There were several lessons to be learned from this hack:

  • Remove example content (e.g. databases — if you can call an MS Access file a database…) from systems. Note the omission of “production” in front of systems. Why do you need example content on QA systems? Most of the time you don’t even need it on dev systems.
  • Prohibit direct access to a datastore. (This goes double for the NoSQL crews for whom security relies “run it on an isolated, trusted network.”) You’d think this is stating the obvious, but reality proves otherwise…
  • Remove or require strong authentication for administration capabilities. The newdsn.exe file was open to all. There have been hundreds of similar examples since then.

Even if SQL injection finally dies, it’s likely to be replaced by JavaScript injection against NoSQL data stores. Instead of OR 1=1 we’ll start creating lists of payloads like (while(1){}). There’s a big difference between throwing an access control mechanism on top of a datastore and applying security principles to the queries going into that datastore.

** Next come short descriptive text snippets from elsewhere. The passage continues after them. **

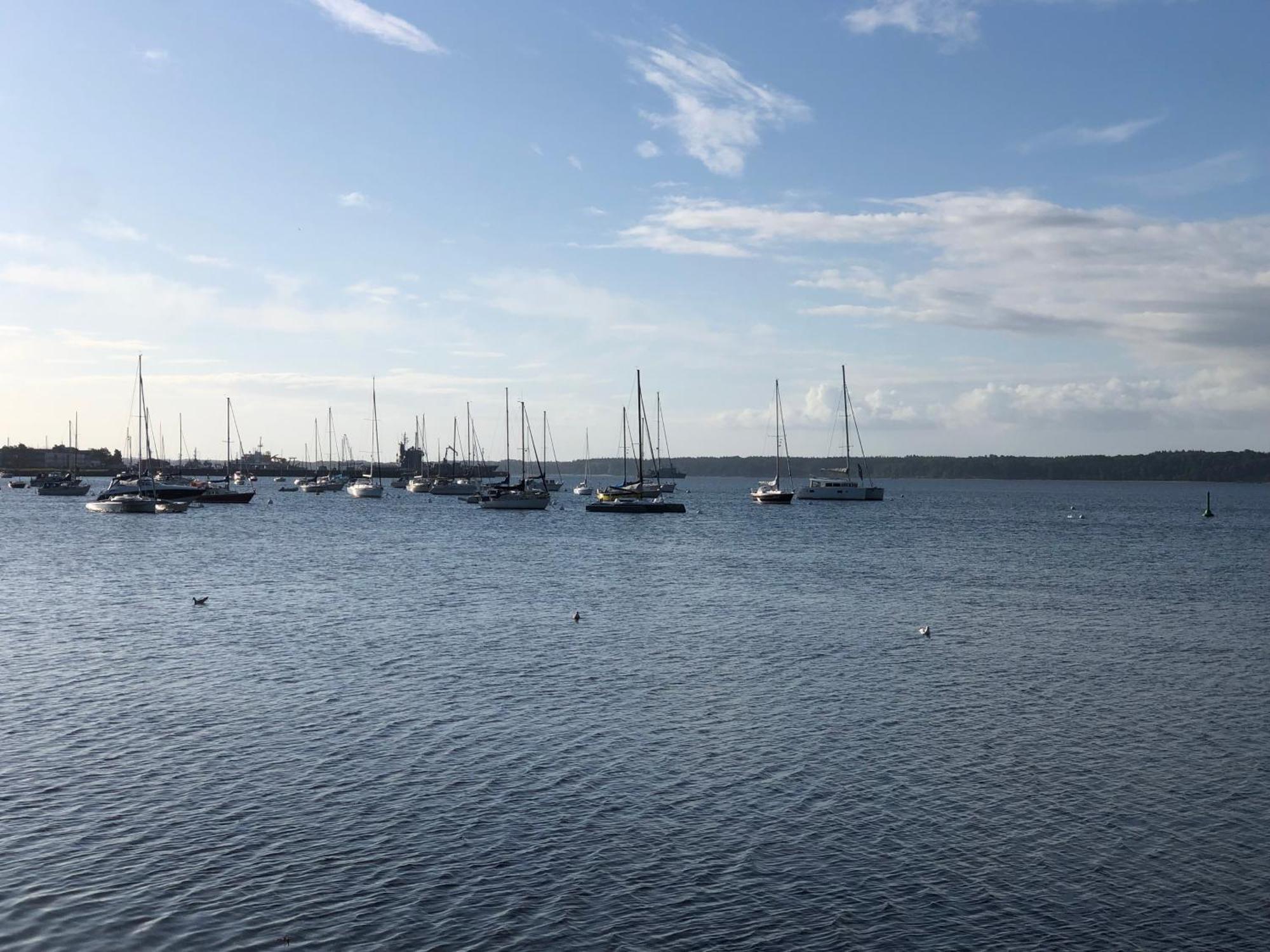 Seeperle Eckernförde Dış mekan fotoğraf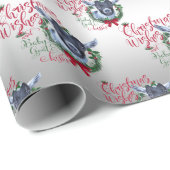 ヤギ |クリスマスウィッシュベビーヤギキスPygmy ラッピングペーパー (ロールコーナー)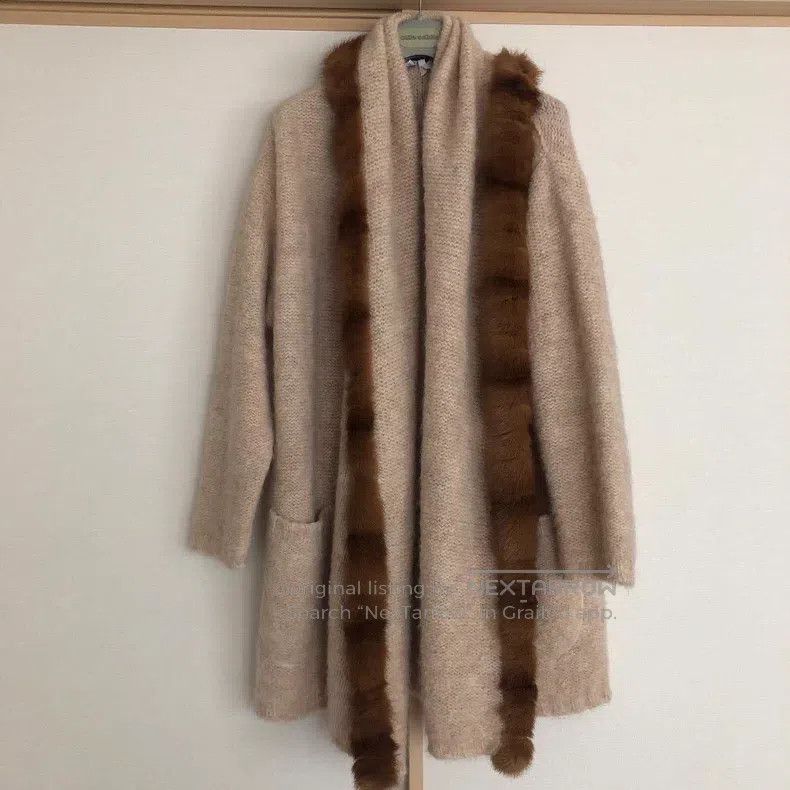 Fendi Fendi Fur cardigan Size M / US 6-8 / IT 42-44 - 1 Thumbnail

So You Want to Hash a Password…

Congratulations. You’re thinking about protecting a password; a concept that well-known1 sites, to this day2, fail3 to comprehend.

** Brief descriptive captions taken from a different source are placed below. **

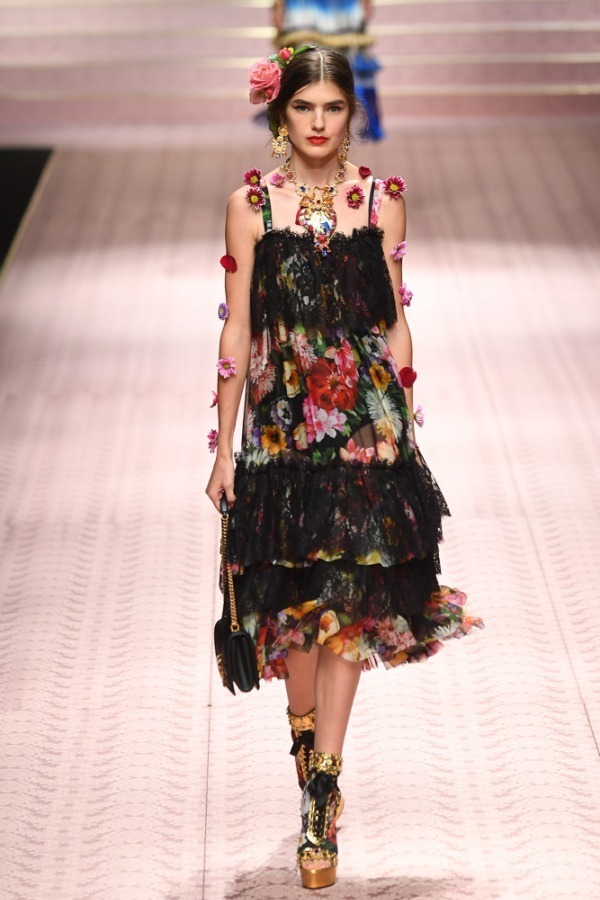 ドルチェ＆ガッバーナ(DOLCE&GABBANA) 2019年春夏ウィメンズコレクション  - 写真66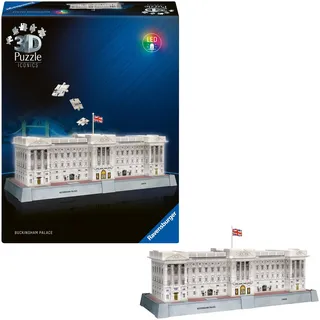Ravensburger 3D Puzzle Iconics: Buckingham Palace mit LED 12008031 1 St.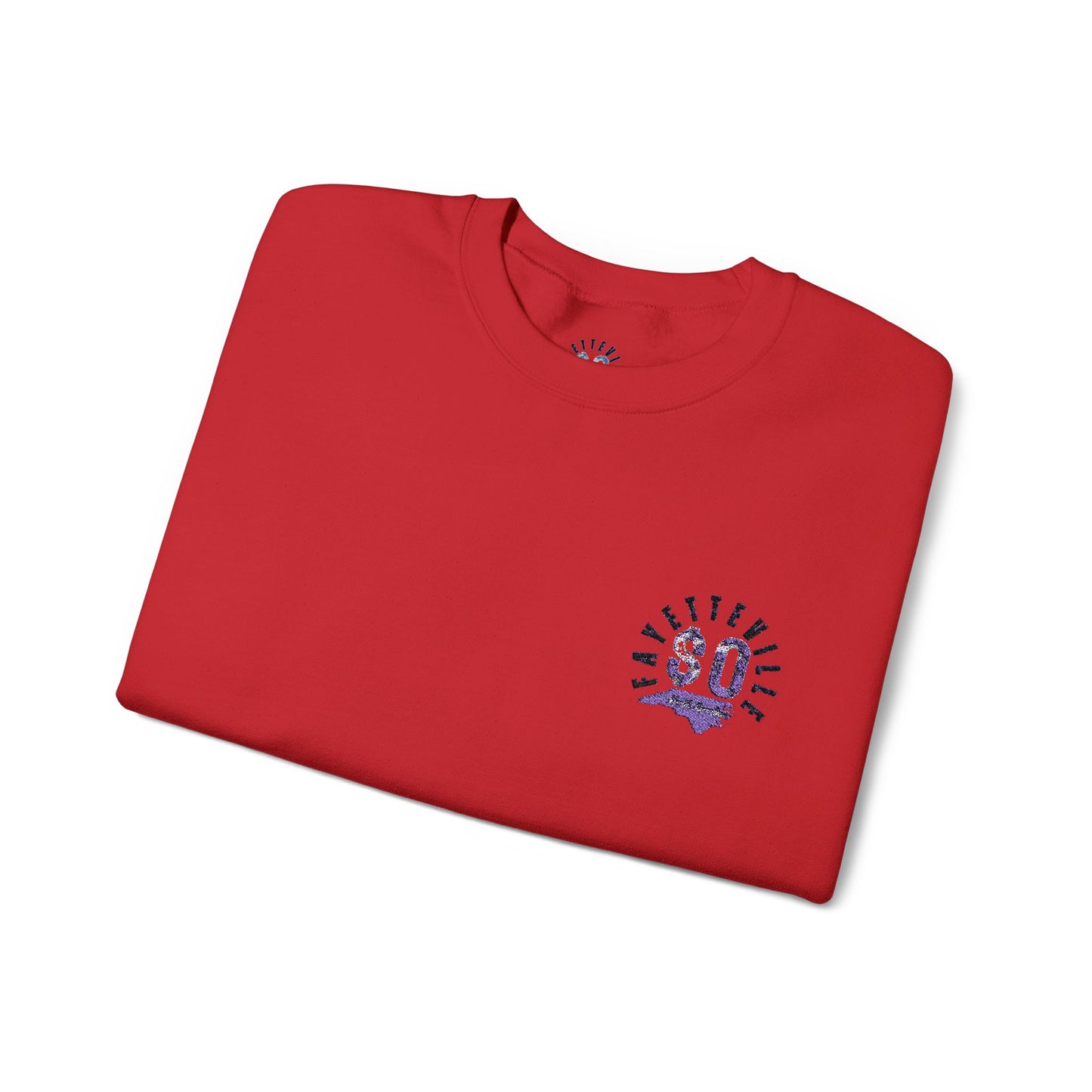 $o F@yetteVILLE Gratitude Crewneck Sweatshirt for Comfort and Style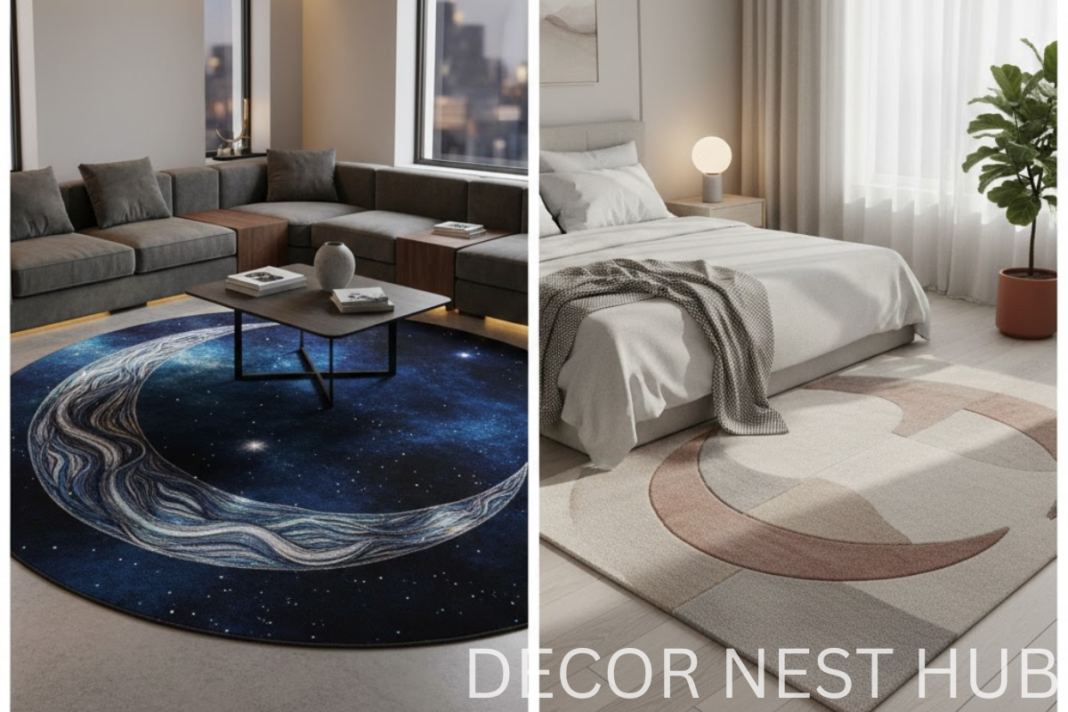new moon rugs
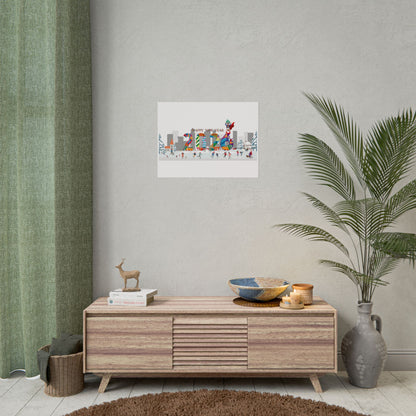 Rolled Posters - Happy 2026 - [[{"value":"Wonderwear Kid"}]]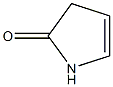 2H-Pyrrol-2-one, 1,3-dihydro- 结构式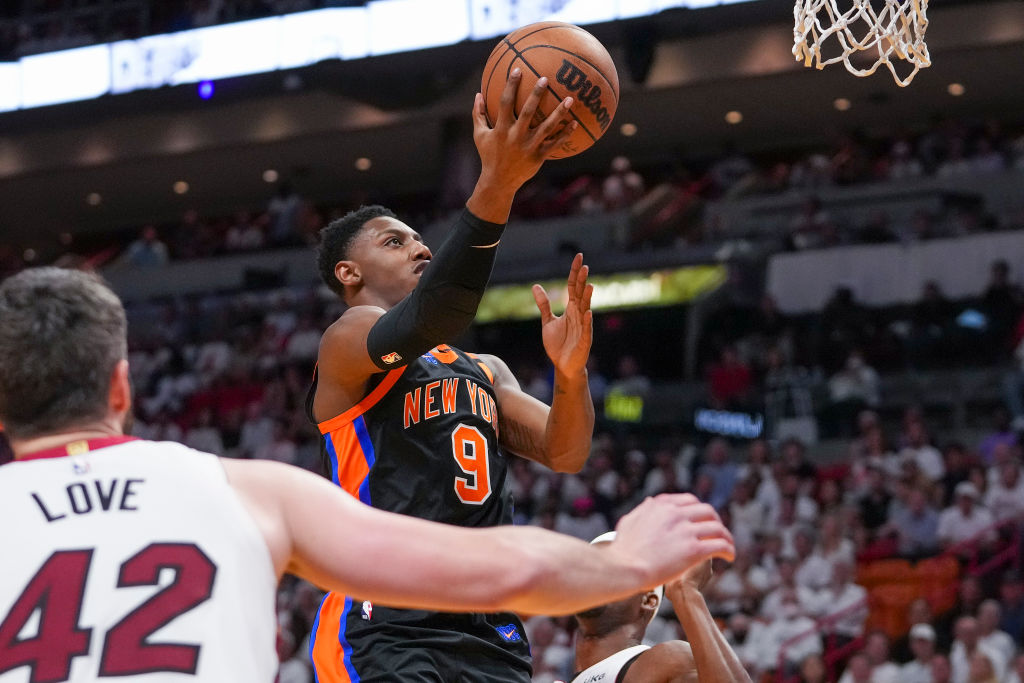 R.J. Barrett explota ante Alemania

Choose an established, vetted algorithm (SHA-256 would suffice), include a salt (we’ll explain this a bit later), hash the password. Get rid of the plaintext password. Done. See how simple that was? There’s even Open Source code4 to help you with more complex issues.

But once you’ve set foot on the path of hashing passwords you might be tempted to make the hash Even Better. An apparently common idea is that if you hash a password once, hashing it twice makes it more secure. Being “more secure” is a commendable goal, but beware the wild beasts of cryptography, for they are subtle and quick to…well, you should be able to finish that thought.5

Repeating encryption or hashing algorithm isn’t a bad idea, it’s just not fully thought-through idea. First, we need a paragraph or three to catch everyone up on hashing and brute force attacks:

A cryptographic hash function takes an arbitrary-length input and produces a fixed-length output that has no statistical relation to the input. Consequently, a password like friend becomes an unintelligible string like 97823jnsndf234.6 An important property of a cryptographic hash function is that it’s irreversible (information is lost, similar to a lossy compression algorithm). No algorithm exists to turn the output 97823jnsndf234 back into friend. Alternately, an encryption function turns friend into mellon and if you know the encryption scheme and a key, then you know how to turn mellon back into friend. AES is an example of an encryption function.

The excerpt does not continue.